* _Work instructions_: All lines in the records below from the line with "Billede af Citroën" through the line with "CW AUTOTRANSFORMER BALLAST" are to be given again exactly, both ends included; the pictures are to be left out.

* _Records for this task_:
______________________________

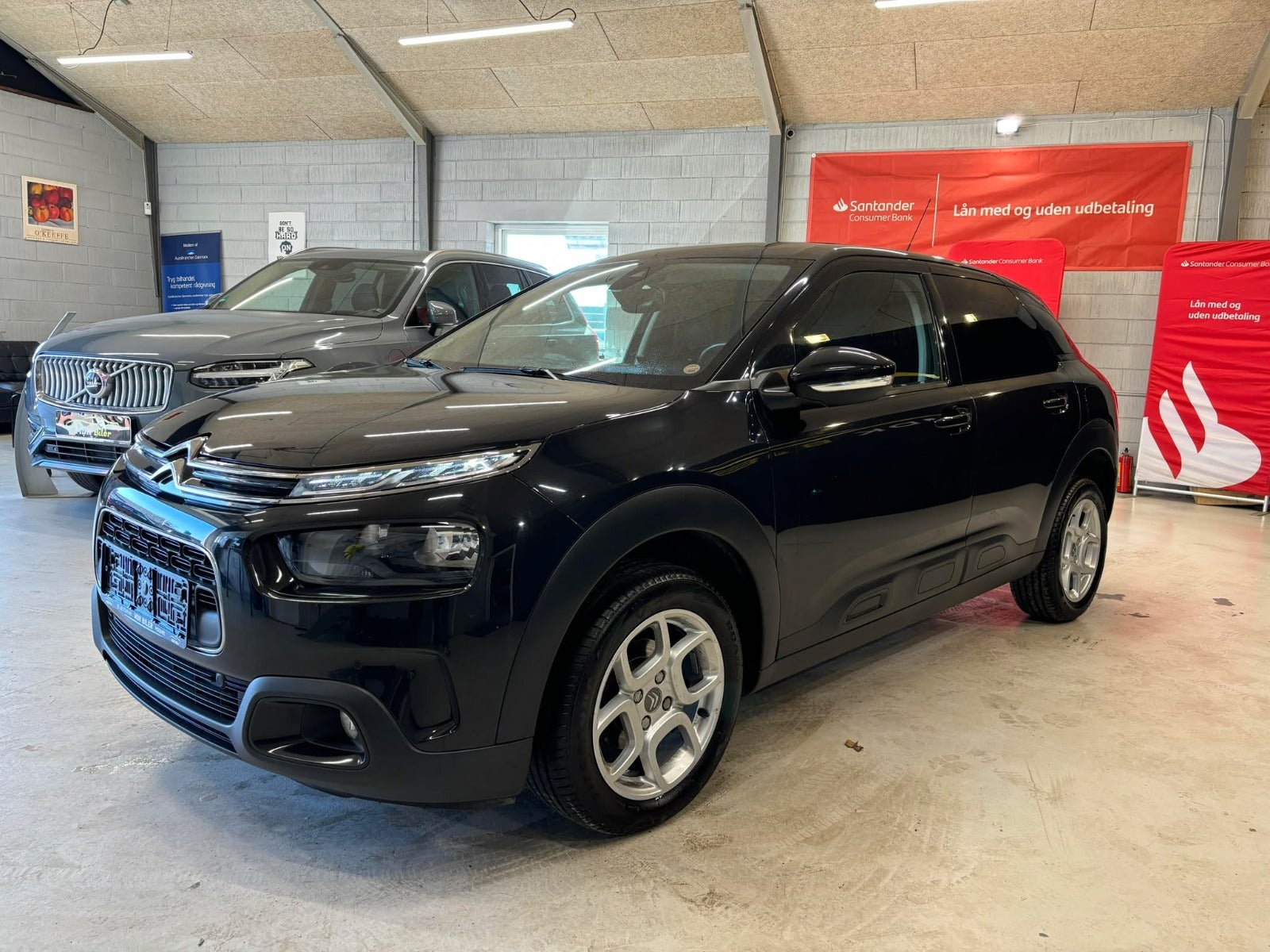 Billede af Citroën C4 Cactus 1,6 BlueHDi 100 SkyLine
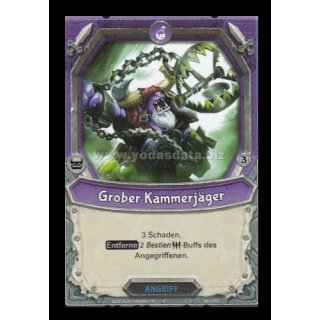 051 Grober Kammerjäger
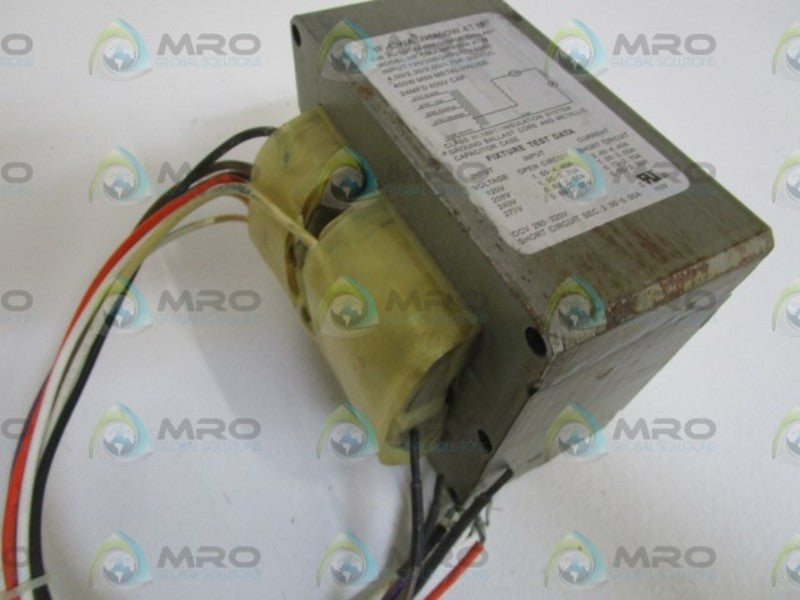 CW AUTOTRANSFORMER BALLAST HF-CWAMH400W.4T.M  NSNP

______________________________

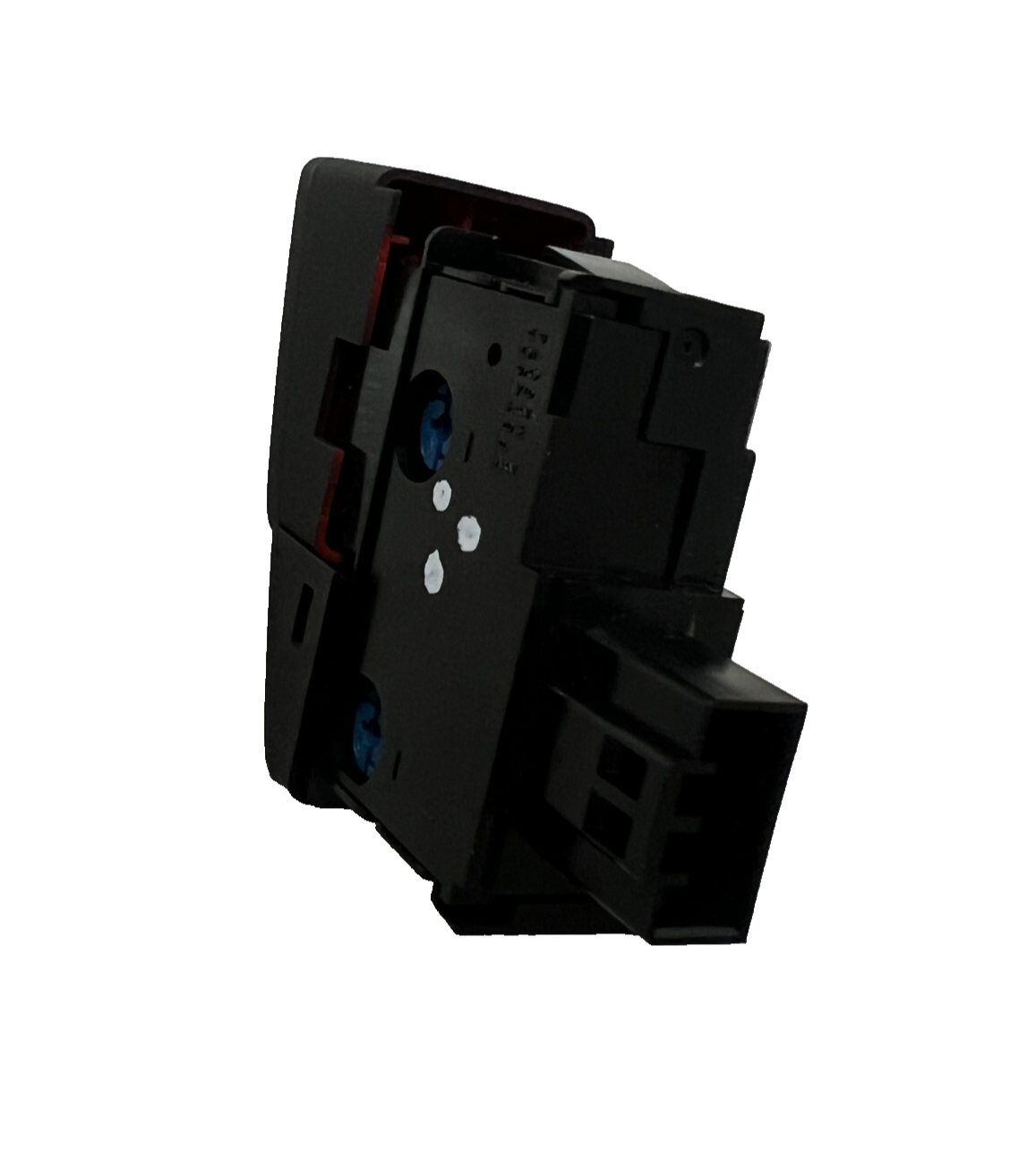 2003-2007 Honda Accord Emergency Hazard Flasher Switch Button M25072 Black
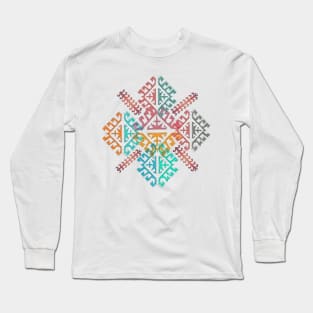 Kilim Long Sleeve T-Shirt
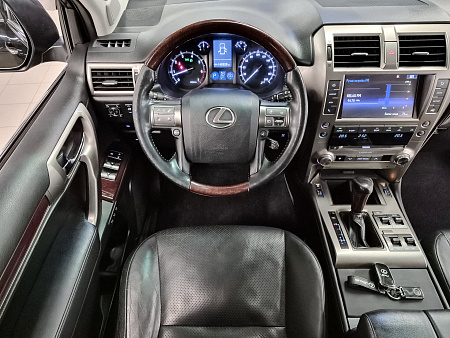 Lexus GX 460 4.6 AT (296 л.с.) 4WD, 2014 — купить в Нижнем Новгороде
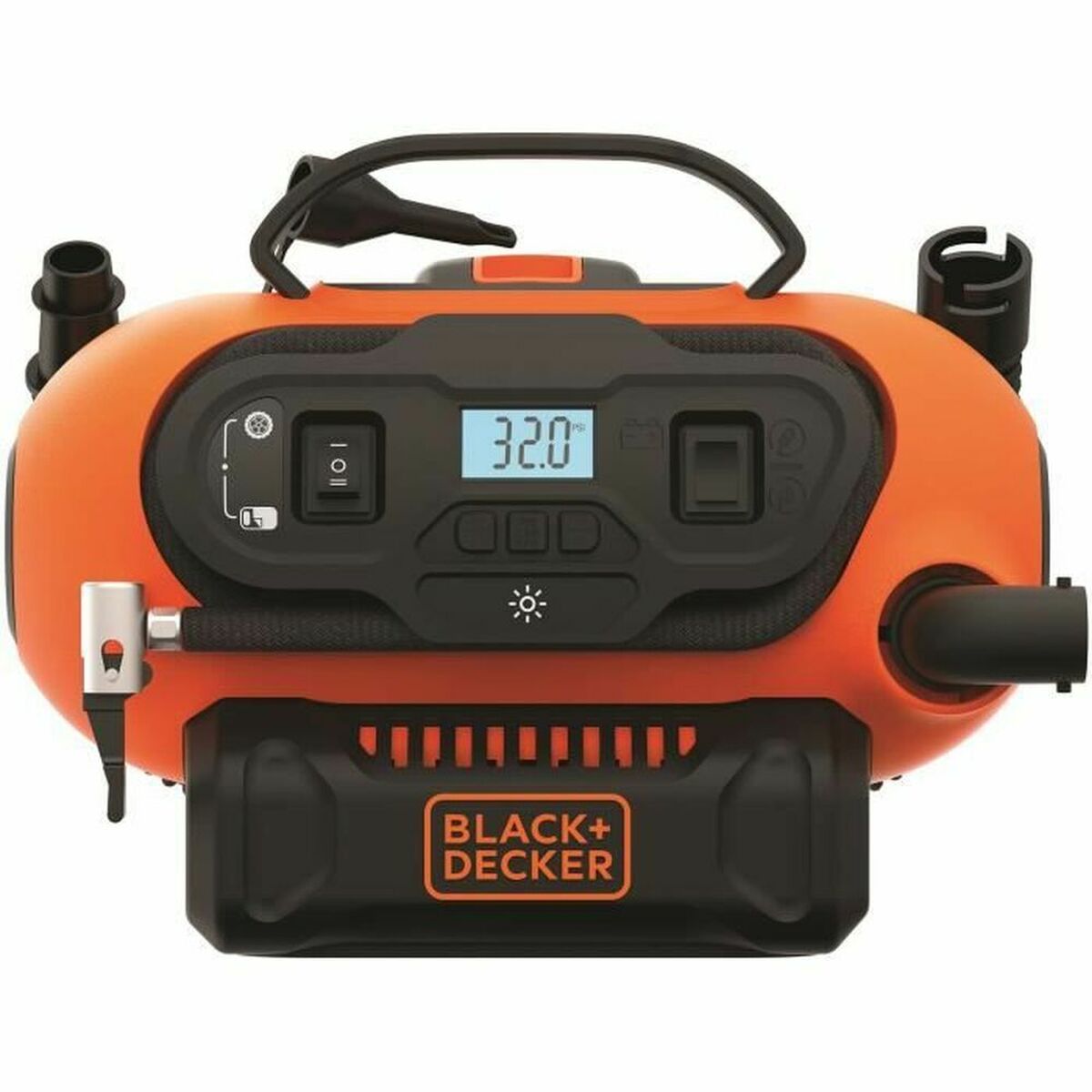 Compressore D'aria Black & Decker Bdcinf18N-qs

______________________________

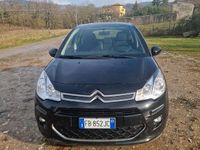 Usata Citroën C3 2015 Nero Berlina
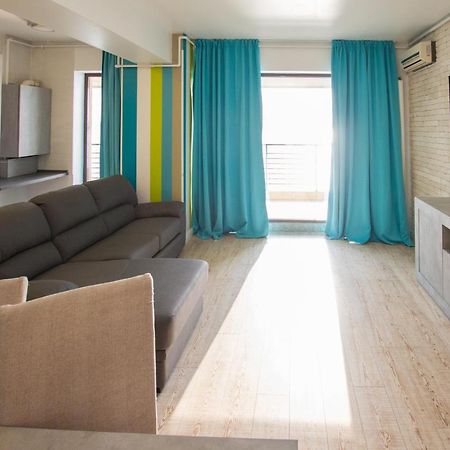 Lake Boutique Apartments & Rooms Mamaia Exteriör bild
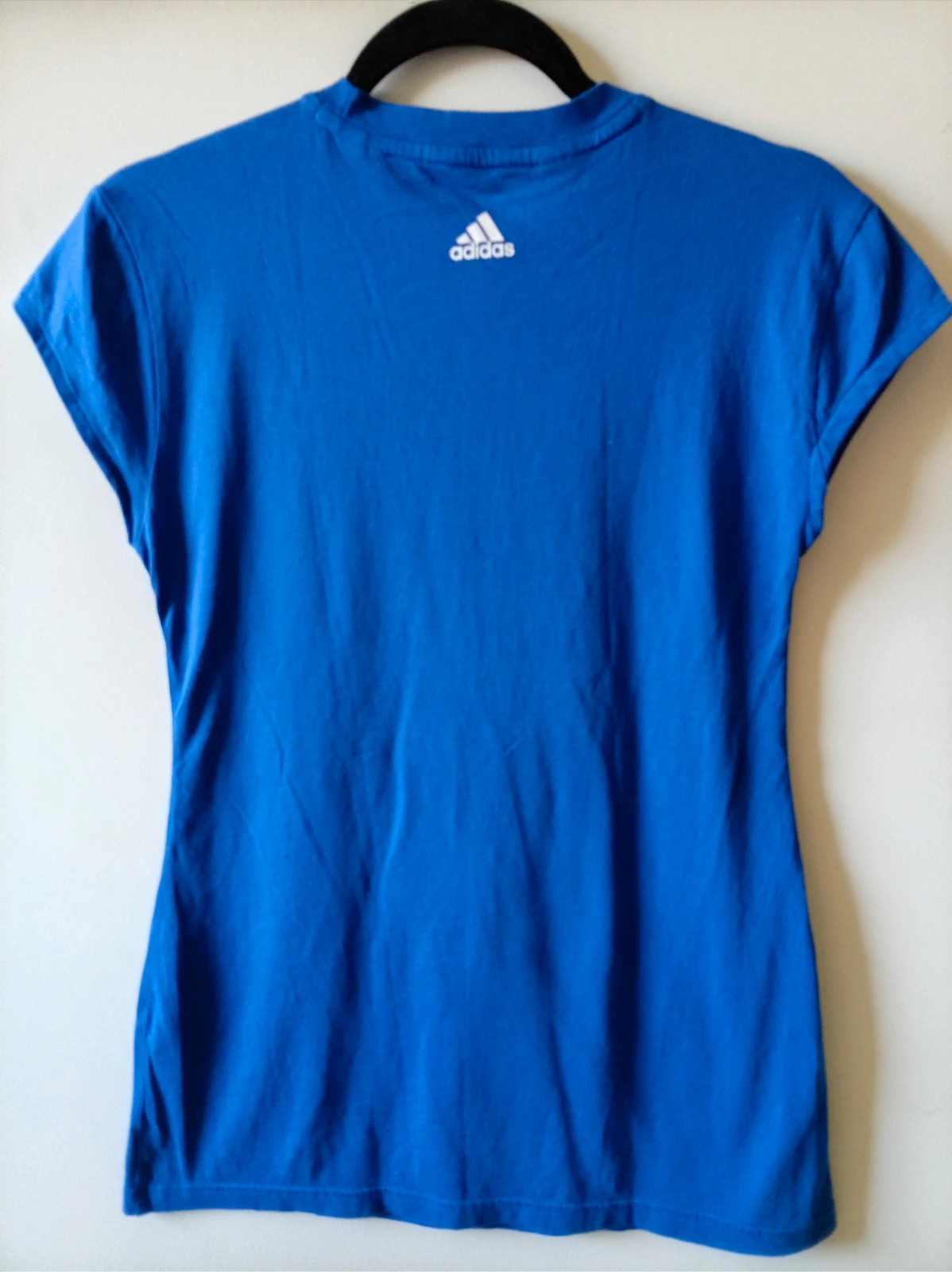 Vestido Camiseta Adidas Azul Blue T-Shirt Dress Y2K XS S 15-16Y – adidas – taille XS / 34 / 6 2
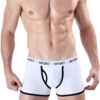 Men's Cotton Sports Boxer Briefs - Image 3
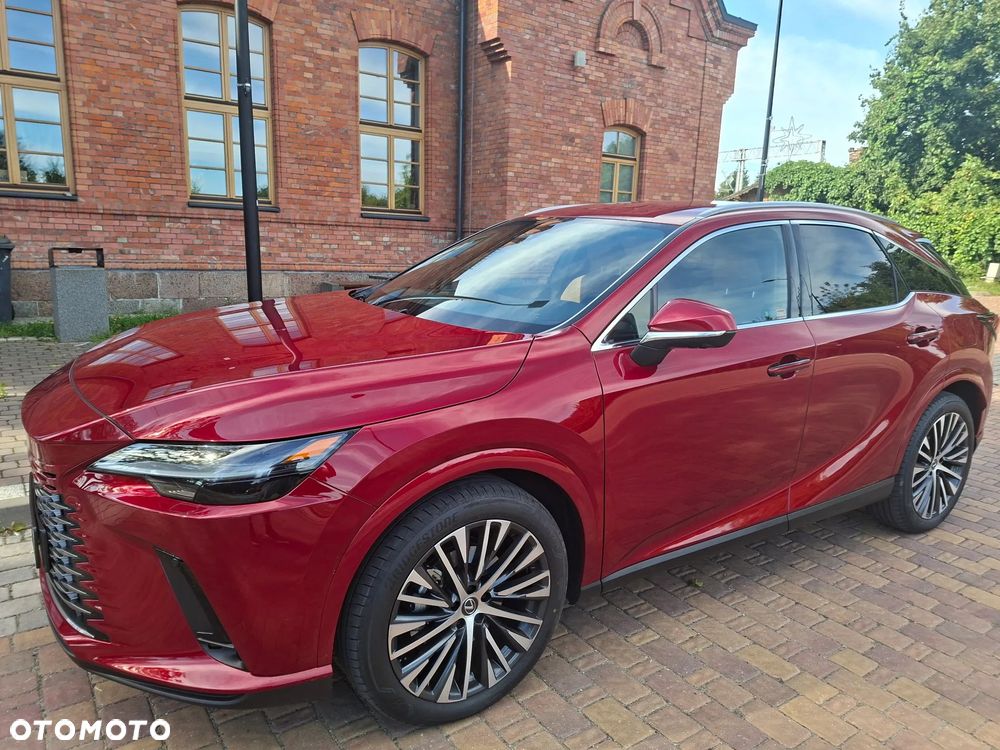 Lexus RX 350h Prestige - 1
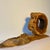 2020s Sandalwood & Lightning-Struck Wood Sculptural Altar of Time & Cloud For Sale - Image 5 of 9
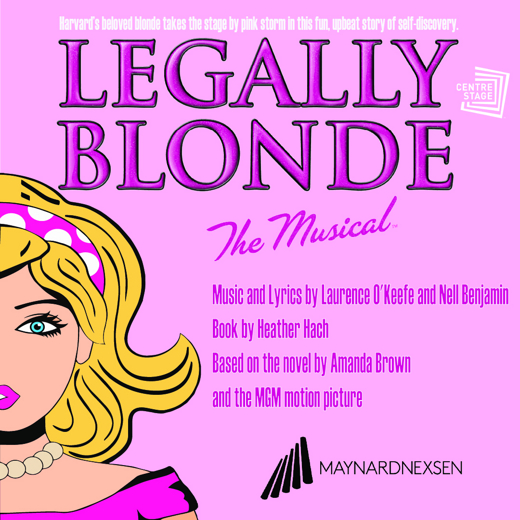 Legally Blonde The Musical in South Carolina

______________________________

* _Solution to this exercise_:
 Billede af Citroën C4 Cactus 1,6 BlueHDi 100 SkyLine
 051 Grober Kammerjäger
 CW AUTOTRANSFORMER BALLAST HF-CWAMH400W.4T.M  NSNP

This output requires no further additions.